One Hundred Nights of Taps, Gettysburg, Enduring Pathway: Oliver Willcox Norton
Who was Oliver Willcox Norton? Well his talents are evidenced each evening here during One Hundred Nights of Nights of Taps.
In
July, 1862 the 3rd Union Army Brigade, then under the command of
General Daniel Butterfield, was camped by the James River on the grounds
of the Berkeley Plantation following the Seven Days Battles. It was
here that Butterfield assisted by Norton created the 24 notes known as Taps.
Oliver
Willcox Norton was the first bugler to sound the call that evening.For
almost 160 years the call of Taps has sounded to signal military
personnel to go to sleep and more importantly as a tribute to all of
those who have faithfully served our nation in uniform.
Oliver
Willcox Norton (O.W. to his family and friends) was born in Angelica,
New York on December 17, 1839. He was the oldest of 13 children of a
traveling Reverend. He received his education at the Montrose Academy
in Montrose, Pennsylvania and became a teacher.
Norton
was among the first to enter the Union army when the Civil War broke
out. He enlisted with Company K and became the bugler for the 83rd
Pennsylvania Volunteer Infantry Regiment. The 83rd wore colorful French
uniforms, which consisted of a shako, bright-colored jacket
and wide trousers, imported for the war.
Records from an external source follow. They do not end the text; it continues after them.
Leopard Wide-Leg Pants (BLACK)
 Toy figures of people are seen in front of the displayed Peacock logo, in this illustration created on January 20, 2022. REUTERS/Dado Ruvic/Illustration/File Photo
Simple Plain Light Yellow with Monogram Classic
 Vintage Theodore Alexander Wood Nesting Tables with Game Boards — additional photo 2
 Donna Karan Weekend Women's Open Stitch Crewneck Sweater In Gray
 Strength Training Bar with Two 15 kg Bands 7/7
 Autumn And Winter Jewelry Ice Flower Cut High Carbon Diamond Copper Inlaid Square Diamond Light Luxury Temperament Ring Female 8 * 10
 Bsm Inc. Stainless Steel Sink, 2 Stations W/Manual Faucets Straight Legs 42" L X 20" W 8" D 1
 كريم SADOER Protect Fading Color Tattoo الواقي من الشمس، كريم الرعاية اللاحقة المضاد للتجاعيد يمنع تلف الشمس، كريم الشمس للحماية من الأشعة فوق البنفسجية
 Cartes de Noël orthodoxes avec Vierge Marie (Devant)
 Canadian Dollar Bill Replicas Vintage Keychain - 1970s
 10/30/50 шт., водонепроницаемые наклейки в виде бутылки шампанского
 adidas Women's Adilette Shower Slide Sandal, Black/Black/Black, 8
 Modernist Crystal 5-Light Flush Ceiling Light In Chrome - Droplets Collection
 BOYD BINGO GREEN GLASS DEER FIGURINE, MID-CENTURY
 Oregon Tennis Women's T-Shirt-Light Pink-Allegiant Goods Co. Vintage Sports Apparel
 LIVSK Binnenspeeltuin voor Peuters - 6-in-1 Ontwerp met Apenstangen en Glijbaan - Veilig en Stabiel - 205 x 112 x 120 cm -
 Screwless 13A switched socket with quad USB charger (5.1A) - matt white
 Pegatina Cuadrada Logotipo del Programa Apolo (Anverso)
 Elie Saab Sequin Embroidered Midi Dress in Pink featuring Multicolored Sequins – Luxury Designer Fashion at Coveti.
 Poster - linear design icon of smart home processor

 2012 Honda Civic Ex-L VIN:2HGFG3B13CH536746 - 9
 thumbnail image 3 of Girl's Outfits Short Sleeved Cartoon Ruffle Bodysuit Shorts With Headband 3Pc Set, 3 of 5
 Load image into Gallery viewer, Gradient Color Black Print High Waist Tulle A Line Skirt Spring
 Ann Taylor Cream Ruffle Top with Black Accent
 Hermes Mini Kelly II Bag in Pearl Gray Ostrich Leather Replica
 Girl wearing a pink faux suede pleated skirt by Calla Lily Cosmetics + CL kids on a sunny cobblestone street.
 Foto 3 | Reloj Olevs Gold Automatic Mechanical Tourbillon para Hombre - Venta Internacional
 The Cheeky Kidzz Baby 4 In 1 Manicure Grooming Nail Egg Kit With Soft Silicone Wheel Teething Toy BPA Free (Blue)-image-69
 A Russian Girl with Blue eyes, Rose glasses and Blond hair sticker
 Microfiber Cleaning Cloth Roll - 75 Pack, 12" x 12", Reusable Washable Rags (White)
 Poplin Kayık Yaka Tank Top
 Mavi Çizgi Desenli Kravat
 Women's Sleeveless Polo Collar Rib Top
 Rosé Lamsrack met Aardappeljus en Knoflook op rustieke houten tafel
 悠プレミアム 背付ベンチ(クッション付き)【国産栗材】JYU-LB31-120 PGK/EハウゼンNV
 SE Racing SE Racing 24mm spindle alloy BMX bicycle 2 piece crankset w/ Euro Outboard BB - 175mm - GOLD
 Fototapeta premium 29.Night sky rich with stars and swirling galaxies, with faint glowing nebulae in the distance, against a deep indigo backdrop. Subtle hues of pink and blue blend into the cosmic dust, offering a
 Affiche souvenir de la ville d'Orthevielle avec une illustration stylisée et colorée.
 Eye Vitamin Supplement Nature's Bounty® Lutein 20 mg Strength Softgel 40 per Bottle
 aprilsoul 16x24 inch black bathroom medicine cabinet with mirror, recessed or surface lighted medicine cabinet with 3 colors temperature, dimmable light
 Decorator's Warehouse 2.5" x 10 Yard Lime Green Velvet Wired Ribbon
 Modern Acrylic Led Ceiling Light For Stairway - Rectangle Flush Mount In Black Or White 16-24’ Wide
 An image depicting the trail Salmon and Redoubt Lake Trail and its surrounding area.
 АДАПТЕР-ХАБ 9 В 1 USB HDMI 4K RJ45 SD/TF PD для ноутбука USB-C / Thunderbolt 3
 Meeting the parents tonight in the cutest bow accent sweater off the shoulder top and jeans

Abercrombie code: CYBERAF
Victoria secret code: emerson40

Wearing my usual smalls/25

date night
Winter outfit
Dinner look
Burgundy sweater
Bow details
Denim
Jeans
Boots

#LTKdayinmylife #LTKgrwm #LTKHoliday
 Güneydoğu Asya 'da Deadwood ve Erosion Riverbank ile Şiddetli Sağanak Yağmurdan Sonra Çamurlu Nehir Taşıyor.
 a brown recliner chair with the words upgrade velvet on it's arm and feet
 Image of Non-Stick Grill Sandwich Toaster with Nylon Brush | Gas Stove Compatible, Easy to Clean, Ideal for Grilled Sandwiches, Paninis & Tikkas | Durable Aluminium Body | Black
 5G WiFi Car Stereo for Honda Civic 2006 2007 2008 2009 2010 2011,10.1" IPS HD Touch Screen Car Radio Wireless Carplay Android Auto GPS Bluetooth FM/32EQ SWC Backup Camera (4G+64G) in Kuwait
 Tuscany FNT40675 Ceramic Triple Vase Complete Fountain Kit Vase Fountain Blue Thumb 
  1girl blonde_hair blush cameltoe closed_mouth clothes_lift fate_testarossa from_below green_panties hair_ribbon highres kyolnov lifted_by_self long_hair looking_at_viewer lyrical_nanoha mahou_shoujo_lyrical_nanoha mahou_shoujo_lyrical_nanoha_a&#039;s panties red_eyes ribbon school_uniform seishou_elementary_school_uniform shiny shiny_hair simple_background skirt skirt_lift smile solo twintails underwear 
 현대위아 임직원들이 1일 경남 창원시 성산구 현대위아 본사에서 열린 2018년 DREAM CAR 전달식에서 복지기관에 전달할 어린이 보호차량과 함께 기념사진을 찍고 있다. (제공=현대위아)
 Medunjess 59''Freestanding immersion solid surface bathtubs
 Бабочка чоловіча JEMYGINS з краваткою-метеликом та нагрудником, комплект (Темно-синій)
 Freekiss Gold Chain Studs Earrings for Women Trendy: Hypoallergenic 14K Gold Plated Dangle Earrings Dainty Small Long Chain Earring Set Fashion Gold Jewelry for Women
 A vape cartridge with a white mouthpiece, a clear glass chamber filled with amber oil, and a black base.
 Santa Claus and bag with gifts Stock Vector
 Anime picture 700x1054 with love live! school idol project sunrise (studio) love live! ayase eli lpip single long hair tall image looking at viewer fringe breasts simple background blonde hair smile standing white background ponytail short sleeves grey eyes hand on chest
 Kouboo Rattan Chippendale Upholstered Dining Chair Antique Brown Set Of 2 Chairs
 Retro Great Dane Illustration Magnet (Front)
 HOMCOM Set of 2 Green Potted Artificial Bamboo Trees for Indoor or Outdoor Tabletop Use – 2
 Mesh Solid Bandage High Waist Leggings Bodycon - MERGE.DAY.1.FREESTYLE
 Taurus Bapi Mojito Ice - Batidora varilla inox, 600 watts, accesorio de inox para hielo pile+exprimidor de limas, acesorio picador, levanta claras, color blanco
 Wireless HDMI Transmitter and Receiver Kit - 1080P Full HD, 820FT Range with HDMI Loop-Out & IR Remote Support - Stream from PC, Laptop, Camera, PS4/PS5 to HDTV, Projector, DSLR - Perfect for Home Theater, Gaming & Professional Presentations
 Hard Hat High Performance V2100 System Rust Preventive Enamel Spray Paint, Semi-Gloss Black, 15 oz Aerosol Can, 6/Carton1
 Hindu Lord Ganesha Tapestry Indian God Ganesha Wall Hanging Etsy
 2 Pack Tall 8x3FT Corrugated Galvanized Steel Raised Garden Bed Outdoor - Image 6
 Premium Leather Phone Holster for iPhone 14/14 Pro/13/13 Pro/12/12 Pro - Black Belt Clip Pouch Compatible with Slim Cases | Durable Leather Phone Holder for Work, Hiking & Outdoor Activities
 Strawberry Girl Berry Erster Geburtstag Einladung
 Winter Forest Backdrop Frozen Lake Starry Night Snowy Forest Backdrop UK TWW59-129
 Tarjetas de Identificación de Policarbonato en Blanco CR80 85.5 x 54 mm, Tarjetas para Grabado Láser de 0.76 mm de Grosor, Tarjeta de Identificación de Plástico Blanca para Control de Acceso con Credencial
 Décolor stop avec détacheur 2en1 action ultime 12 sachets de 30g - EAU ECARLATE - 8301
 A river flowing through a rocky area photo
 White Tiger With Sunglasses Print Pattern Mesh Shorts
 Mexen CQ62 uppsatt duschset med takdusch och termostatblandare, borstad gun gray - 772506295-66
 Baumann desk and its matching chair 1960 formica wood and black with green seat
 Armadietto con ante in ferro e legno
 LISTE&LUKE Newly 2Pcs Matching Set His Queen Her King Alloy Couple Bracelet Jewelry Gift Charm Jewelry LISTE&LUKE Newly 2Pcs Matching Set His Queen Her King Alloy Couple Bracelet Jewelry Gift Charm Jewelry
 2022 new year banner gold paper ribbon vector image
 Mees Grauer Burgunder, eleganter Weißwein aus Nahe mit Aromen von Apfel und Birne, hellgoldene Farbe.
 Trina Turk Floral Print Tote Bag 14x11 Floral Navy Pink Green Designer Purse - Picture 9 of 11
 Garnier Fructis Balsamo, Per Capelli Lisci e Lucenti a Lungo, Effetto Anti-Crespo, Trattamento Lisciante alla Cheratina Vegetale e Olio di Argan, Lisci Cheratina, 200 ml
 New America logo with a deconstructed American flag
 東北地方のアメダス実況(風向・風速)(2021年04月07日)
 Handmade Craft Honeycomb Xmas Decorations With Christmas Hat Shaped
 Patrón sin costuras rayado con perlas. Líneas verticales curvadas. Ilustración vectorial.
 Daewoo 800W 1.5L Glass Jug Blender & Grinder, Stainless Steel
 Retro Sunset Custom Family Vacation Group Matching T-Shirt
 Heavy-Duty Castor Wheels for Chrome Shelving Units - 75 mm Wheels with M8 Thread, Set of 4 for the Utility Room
However, they proved to be
unsuitable for field use. Those uniforms were left behind and replaced
with regulation uniforms when the regiment marched off to war.
O.W.
wrote letters home during the war providing insight about his duties as
a bugler, orderly, flag bearer, and his life as a soldier. They are
collected in a book titled “Army Letters”, which he wrote in 1903 and
published for private circulation. Nearly two-thirds of the
approximately one hundred and fifty war time letters were written to his
sister Elizabeth (Libby) Lane Norton. who was active in the underground
railroad system that help runaway slaves escape to Canada.
During
the battle of Gettysburg O.W. was the brigade bugler serving under the
command of Colonel Strong Vincent. On July 2nd at Little Round Top,
Vincent’s Brigade answered the call for troops when General Gouverneur
K. Warren saw that the hill was unoccupied and open to being captured by
the enemy. Norton had a good view of the fighting on Little Round Top
on that day and was distressed when Vincent was mortally wounded. Norton
would eventually
write a book entitled “The Attack and Defense of Little Round”, one of
the best eyewitness accounts of what happened.
In
November 1863, Norton was commissioned as a first lieutenant in the
Eighth U.S. Colored Troops. This spoke highly of the man, as he was
fully aware that serving in such a position at that time was a death
sentence should he ever be captured. For the remainder of the war, O.W.
served as a staff officer and Regimental Quartermaster officer for the
Eighth U.S. Colored Regiment. He was mustered out in November, 1865.
Norton would return here to Gettysburg in 1889 as the main speaker for
the dedication of the 83rd Pennsylvania Monument on Little Round Top.
Norton’s name will always be associated with the bugler call, Taps. He
wrote,
“There is something singularly beautiful and appropriate in the music of this wonderful call. Its strains are melancholy, yet full of rest and peace. Its echoes linger in the heart long after its tones have ceased to vibrate in the air. It is immortal.”